_PROMPT_
Verbatim output, no pictures: the lines from the beginning of the material through the line with "Next thing to", both ends kept.

[ENTRIES PROVIDED]

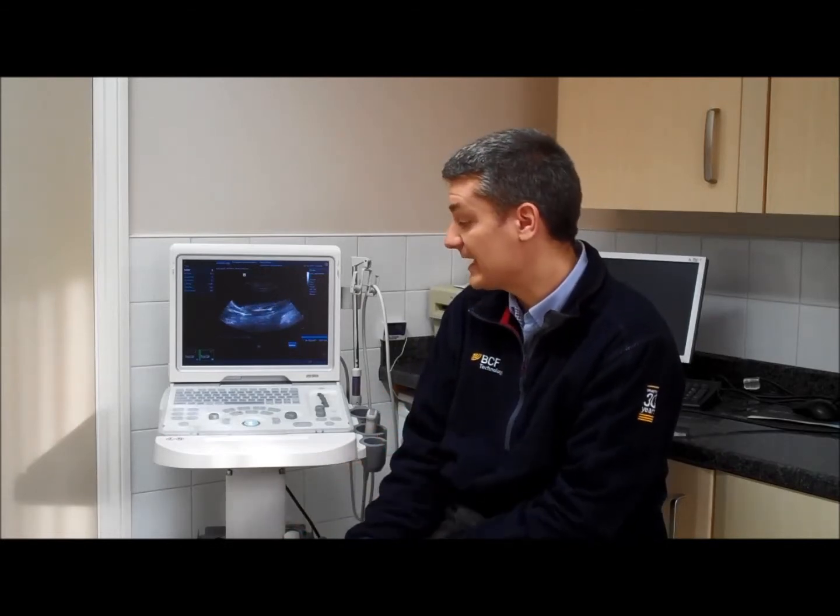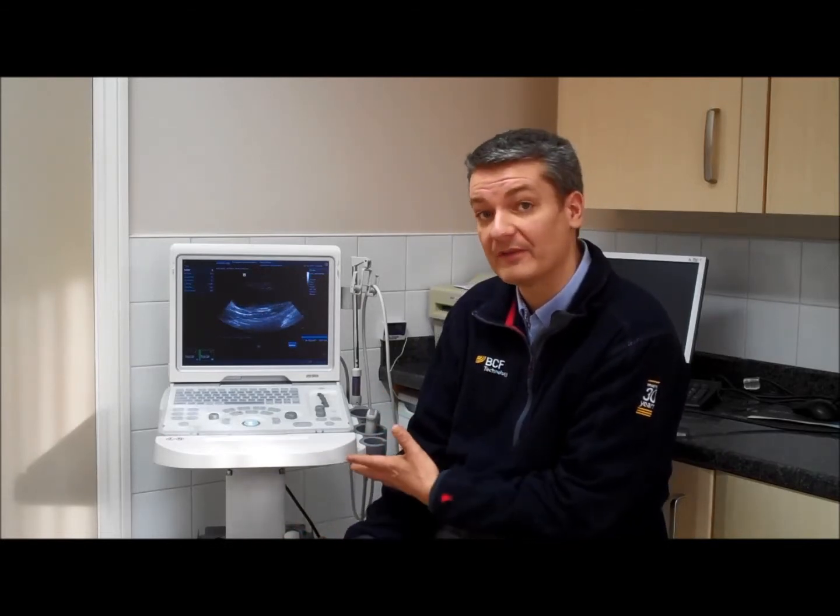This scanner, as you can see, is either portable or you can have it on a stand. This one here is on the optional stand, which makes it easy to wheel around the practice.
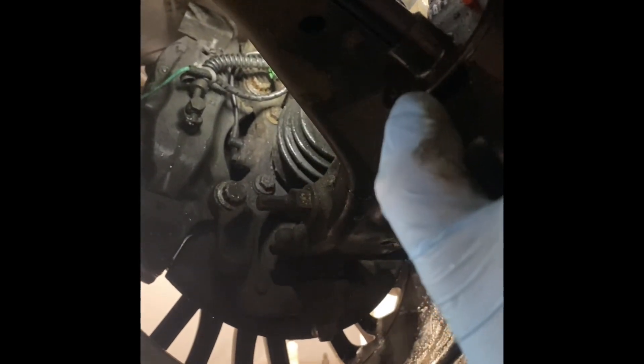Next thing to do is check the bags. We'll come to this side and check the passenger side — and there you go.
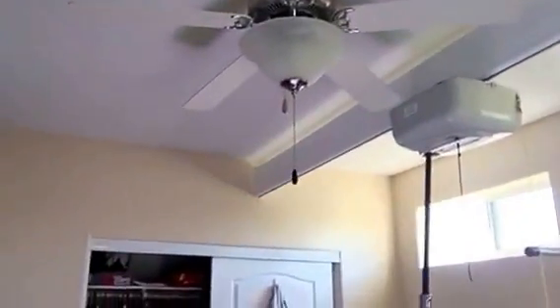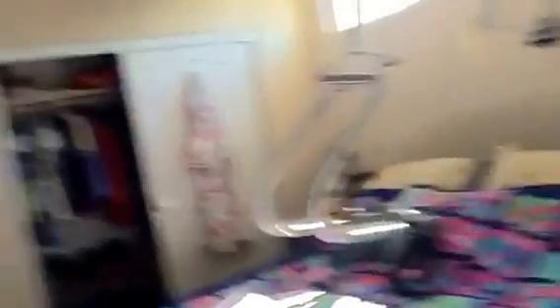So it's a very simple installation in a mobile home where we don't have a ceiling structure to attach to, but we have a nice clean installation above a bed to do transfers from bed to wheelchair. Nice talking to you again — we'll get you on the next video, bye now.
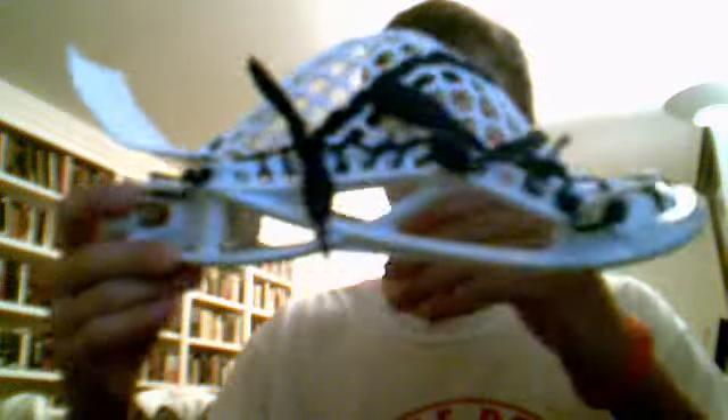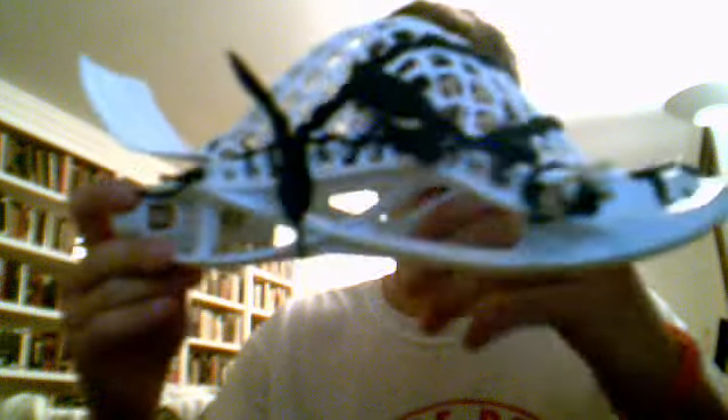Hey guys, it's Joel Axby here with another video on a customer's head. Here it is. It's a gate hat, I'm not really sure which. If you can tell me, put it in the comment section below. I didn't really feel like looking it up.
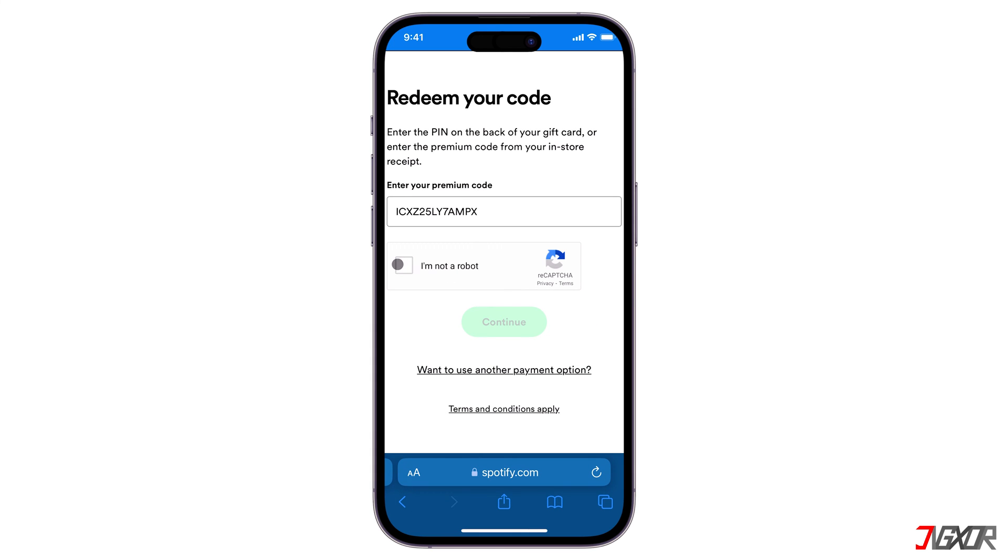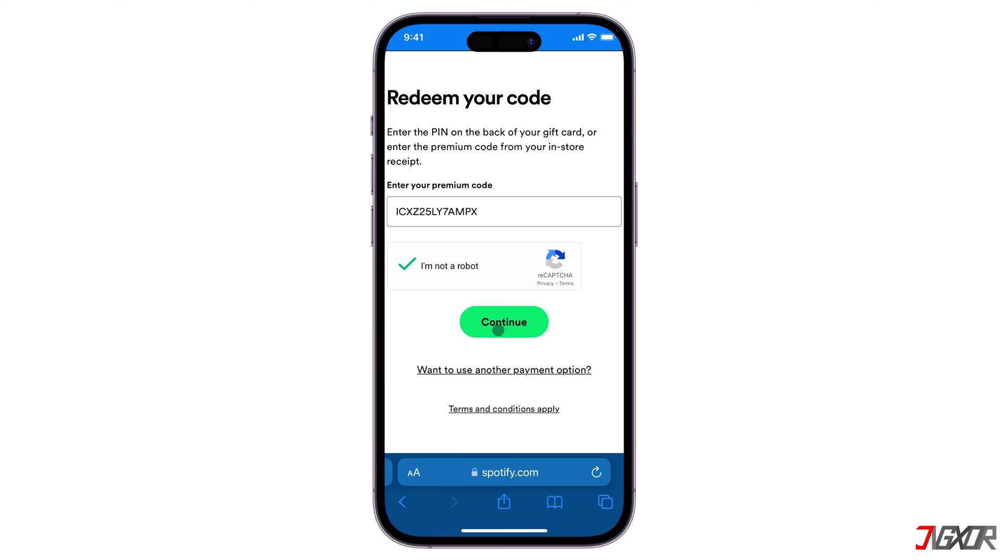Next, solve the reCAPTCHA to confirm you're not a robot and click continue. Upon validation, your Spotify account shall be credited with the number of subscription months equivalent to the card value you redeemed.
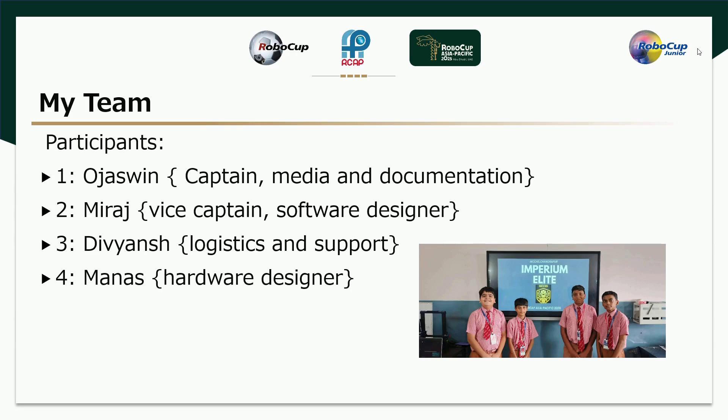Myself, Ojasan, the Captain and Head of Media and Documentation. Myself, Mirajan, I am the Vice Captain and Software Designer of the team.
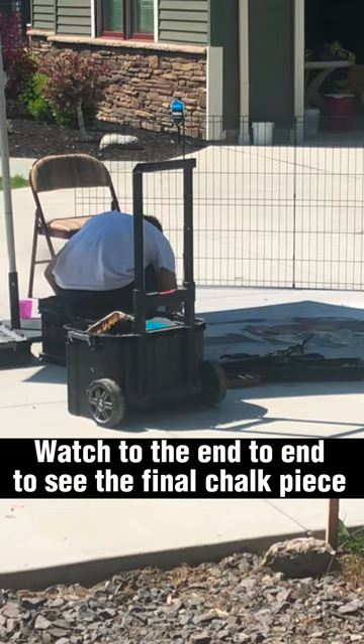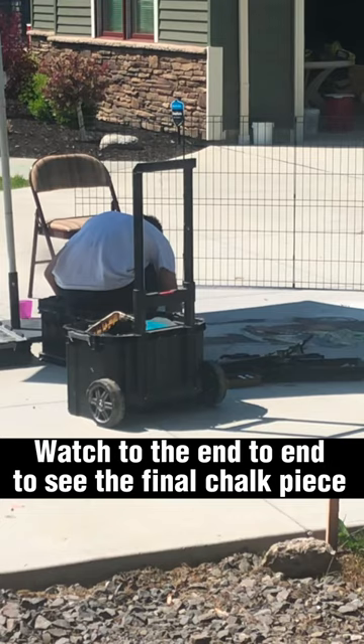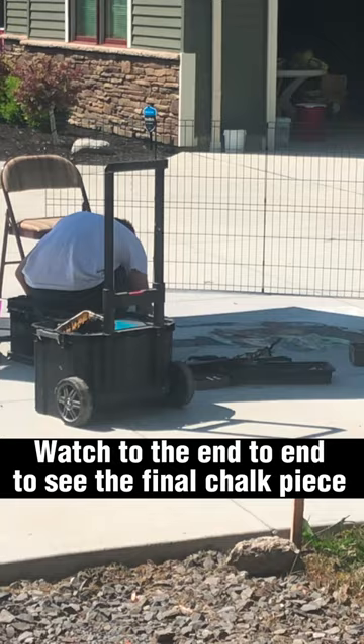Watch as he bends down to blend his chalk into one beautiful piece. Now I'm slowly going to creep down before he notices me.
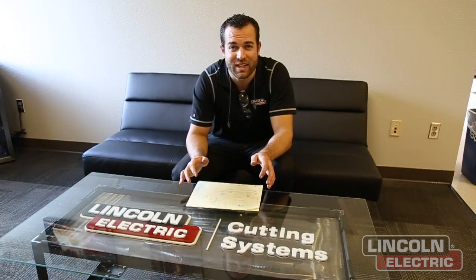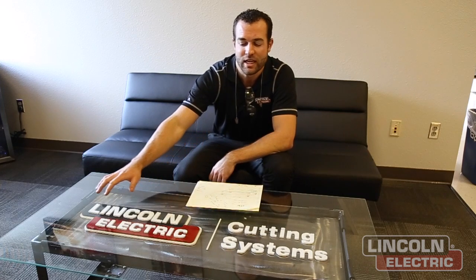Before we get cutting, we wanted to show you the finished product and explain some of the design elements. One of the biggest was the Lincoln Electric Cutting Systems logo underneath the glass. We brought the actual logo into our Torchmate CAD program and used the Scan and Trace Wizard to render it out into each individual segment so we could piece it together to make a realistic logo. If you want to learn how to use the Scan and Trace Wizard, click the link to Torchmate University. So let's start cutting.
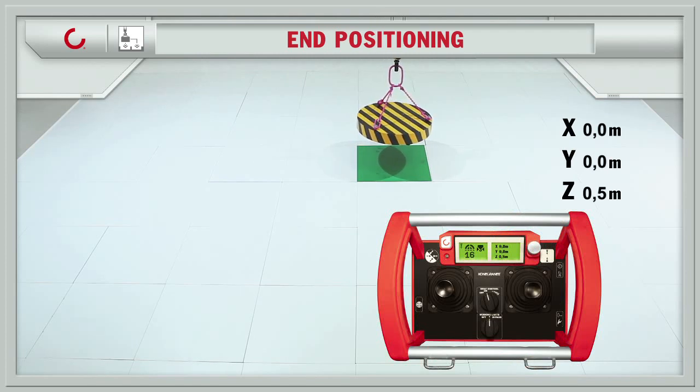Task completed. You can now lower the load precisely and safely to the end position.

[/ENTRIES PROVIDED]

_TASK SOLUTION_
This scanner, as you can see, is either portable or you can have it on a stand. This one here is on the optional stand, which makes it easy to wheel around the practice.
Next thing to do is check the bags. We'll come to this side and check the passenger side — and there you go.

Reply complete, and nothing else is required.